------ INPUT DATA

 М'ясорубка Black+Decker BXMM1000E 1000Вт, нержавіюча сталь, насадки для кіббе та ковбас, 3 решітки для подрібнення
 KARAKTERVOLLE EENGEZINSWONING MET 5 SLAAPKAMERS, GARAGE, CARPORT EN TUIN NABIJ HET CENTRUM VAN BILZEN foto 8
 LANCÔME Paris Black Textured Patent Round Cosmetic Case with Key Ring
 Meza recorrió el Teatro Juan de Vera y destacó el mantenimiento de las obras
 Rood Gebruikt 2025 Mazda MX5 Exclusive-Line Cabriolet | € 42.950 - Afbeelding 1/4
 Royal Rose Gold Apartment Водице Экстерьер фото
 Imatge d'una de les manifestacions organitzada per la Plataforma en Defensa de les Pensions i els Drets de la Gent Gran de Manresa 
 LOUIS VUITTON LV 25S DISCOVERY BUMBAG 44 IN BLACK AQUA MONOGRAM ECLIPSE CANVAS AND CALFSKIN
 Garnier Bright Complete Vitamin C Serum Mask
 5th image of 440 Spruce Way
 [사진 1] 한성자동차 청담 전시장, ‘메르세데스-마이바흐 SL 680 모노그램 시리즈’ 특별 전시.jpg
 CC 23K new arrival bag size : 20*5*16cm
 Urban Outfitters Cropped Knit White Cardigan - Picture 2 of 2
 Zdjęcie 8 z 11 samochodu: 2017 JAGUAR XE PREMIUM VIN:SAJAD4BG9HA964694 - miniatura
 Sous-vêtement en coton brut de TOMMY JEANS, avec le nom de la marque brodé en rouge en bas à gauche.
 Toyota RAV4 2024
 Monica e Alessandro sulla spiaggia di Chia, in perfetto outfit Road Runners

------------

● **TASK STATEMENT**
Every line from the one containing "[사진 1] 한성자동차" to the end of the entries must be set down exactly, with none omitted and none added.

● **RESULT**
 [사진 1] 한성자동차 청담 전시장, ‘메르세데스-마이바흐 SL 680 모노그램 시리즈’ 특별 전시.jpg
 CC 23K new arrival bag size : 20*5*16cm
 Urban Outfitters Cropped Knit White Cardigan - Picture 2 of 2
 Zdjęcie 8 z 11 samochodu: 2017 JAGUAR XE PREMIUM VIN:SAJAD4BG9HA964694 - miniatura
 Sous-vêtement en coton brut de TOMMY JEANS, avec le nom de la marque brodé en rouge en bas à gauche.
 Toyota RAV4 2024
 Monica e Alessandro sulla spiaggia di Chia, in perfetto outfit Road Runners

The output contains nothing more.